What do you remember about the first time you, Kurt and Dave played together?

Krist Novoselic: It flowed, it sounded good, it was immediate. It just fell into place, there was no awkwardness. Dave is such a good musician, he rose to the occasion – or we rose to him, whichever way it happened. It just seemed natural and Dave was easy to hang out with. I think he moved in with Kurt. That took a lot of courage, to move into an apartment with him! Dave knew the Bleach material, but we were already writing songs for Nevermind. We had some songs: some we would just make up on the spot, others Kurt had some ideas for. We were really serious about rehearsing. We had this barn in Tacoma that we rented. Somebody had tried to make it into a studio and hadn’t got very far, but it was a decent place to rehearse. We went in there and we were serious about working on the songs.

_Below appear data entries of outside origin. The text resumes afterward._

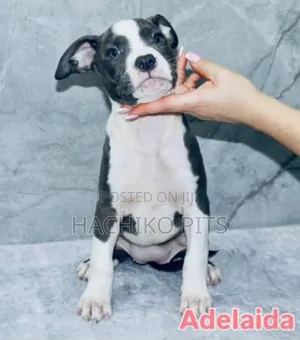 1-3 months Male Purebred American Pit Bull Terrier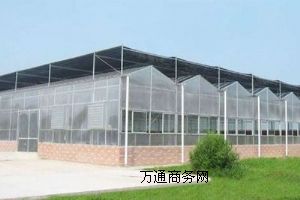 �H�����ҹ�����r�Ƕ���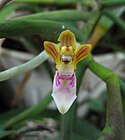 Cleisostoma simondii Orchid Flowers up close.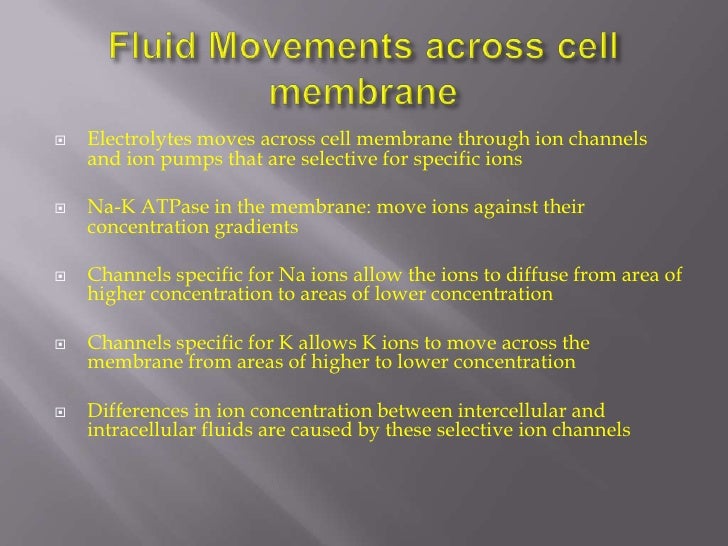 Electrolytes Enter The Body In The Food We Eat Electrolytes Enter The Body In The Food We Eat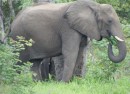 Elephants in Chobe N.P  -  01.01.2015  -  Botswana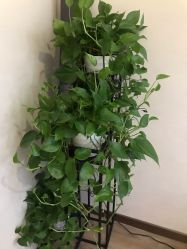 -苑苑vbeauty科技美容SPA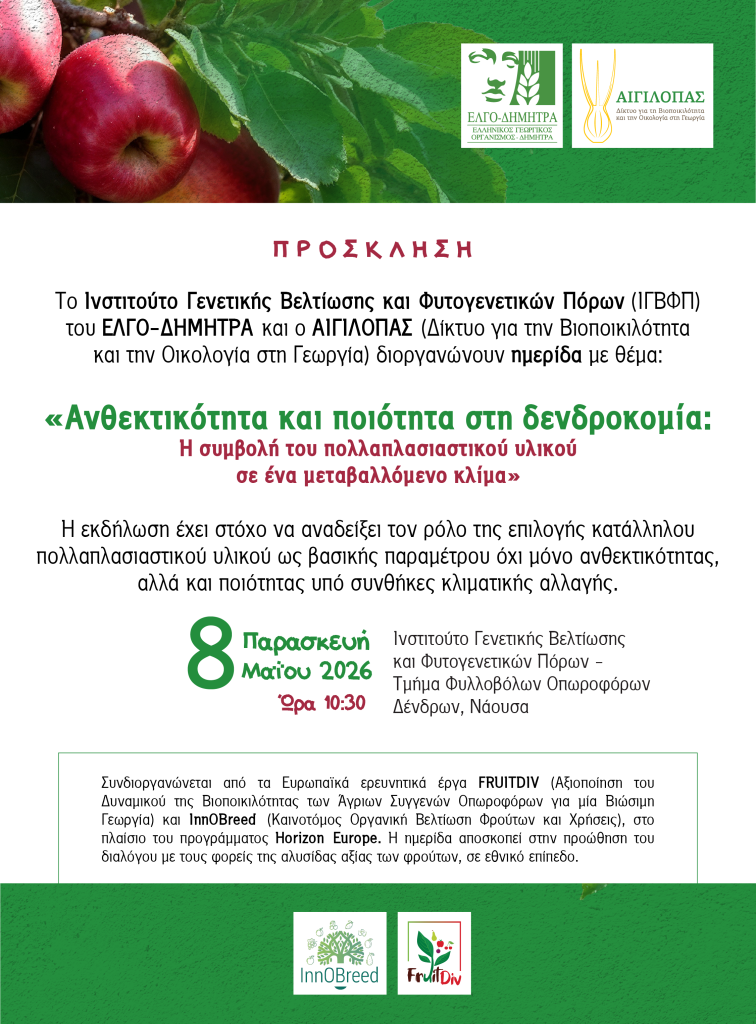 Hmerida Naoussa Prosklisi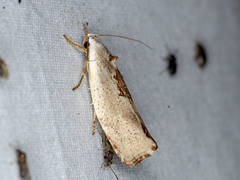 Tymbophora peltastis
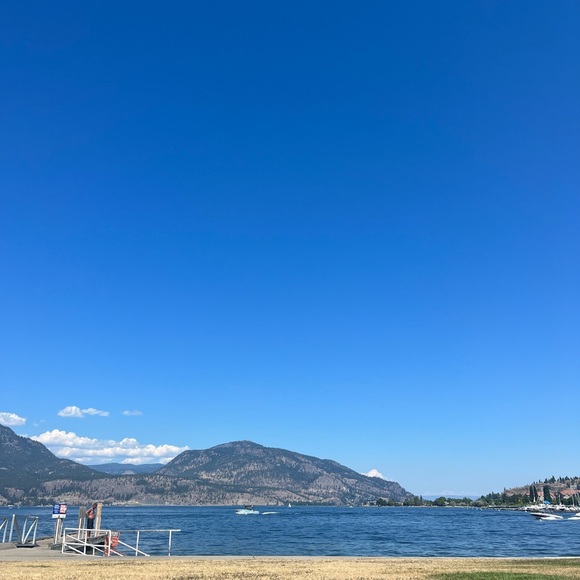 Meet your Posher, Tayte - Picture 1 of 1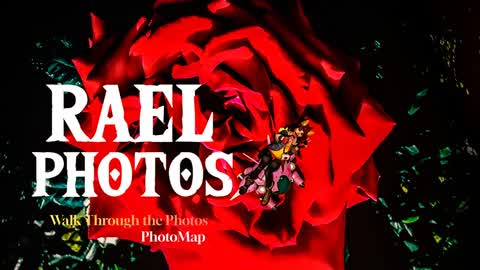 REAL PHOTOS | Walk Through the Photos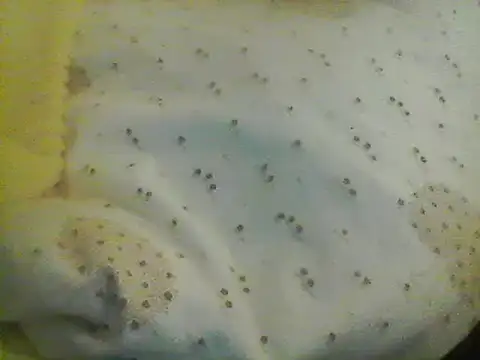 Bigpenis6y online show from January 24, 2025, 5:21 am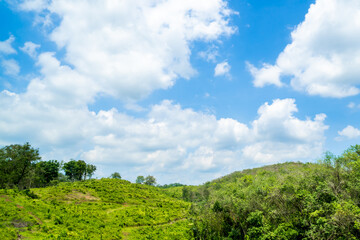 Fototapeta na wymiar View of green hills when the sky is clear blue cloudy.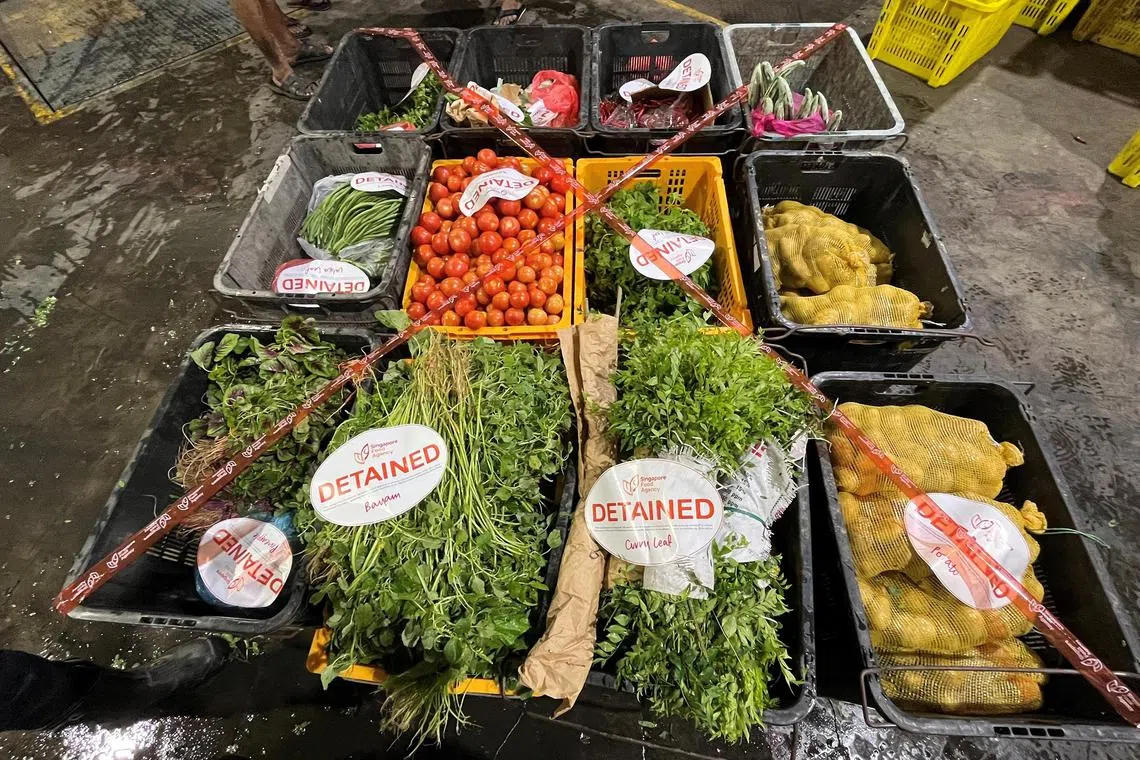 SFA found undeclared and under-declared produce such as bayam, tomato, lady finger and peeled hairy gourd.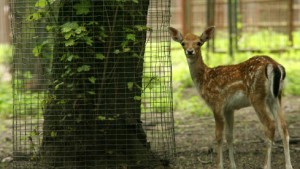 Zoo-Tiere geschlachtet und verkauft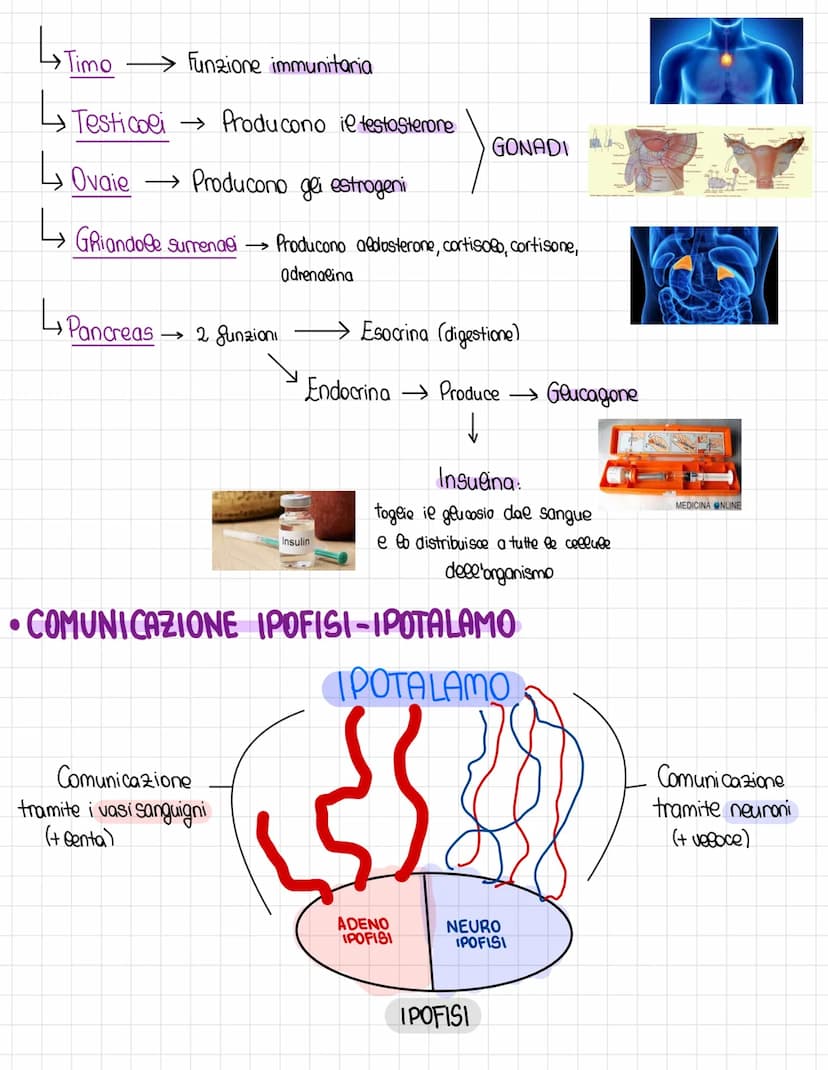 Il sistema endocrino
le sistema endocrino è il sistema che riguarda la produzione e il deposito degli
ormoni, ovveno delle molecose che viag
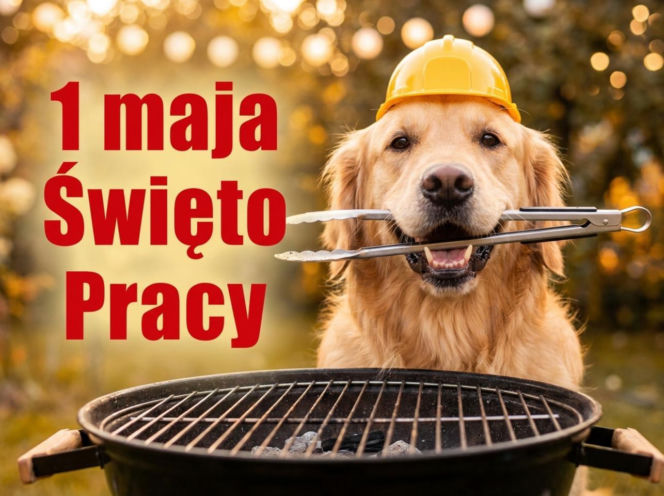 śmieszny obrazek na 1 maja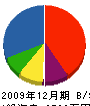 坂元工務店 貸借対照表 2009年12月期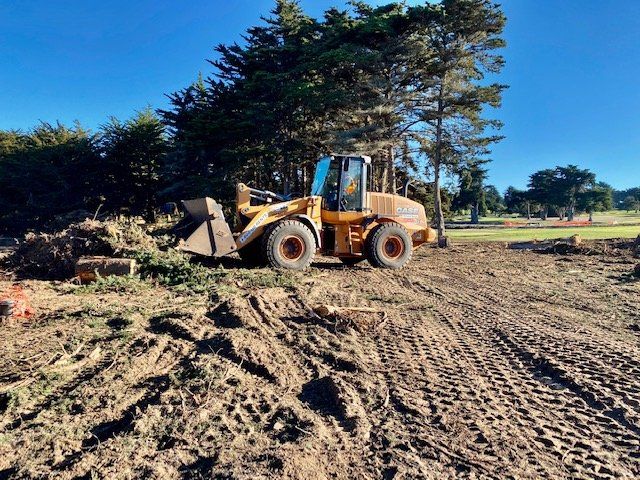 Yellow loader on dirt clearing, near trees on a sunny day.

Did you have any doubts about leaving Sub Pop and signing to a major label?

I was never conflicted about it. We all made the decision; Kurt and Dave and me all wanted to do it. I remember when we signed those contracts in the lawyer’s office, we were like, “Yeah, let’s get promoted and let’s do it.” It was like there was the music, which was one thing, and then there was this whole other part of it that was a completely new situation, with things not being in Olympia or Tacoma any more. It was this whole big world and us trying to adjust to that.


What do you remember about the preparation for Nevermind?

[Geffen A&R] Gary Gersh came up from the label and we were shopping producers. I remember [Neil Young producer] David Briggs came up, but we decided to go with Butch. We just felt more comfortable, he was what we were used to. In the meantime, we just kept working on the songs, keeping them tight. By the time we went to LA, we had a couple of days of pre-production with Butch and he helped with some arrangements. It wasn’t big changes. It was, “This song is too long,” or “Maybe you should have a bridge here.” Stuff like that.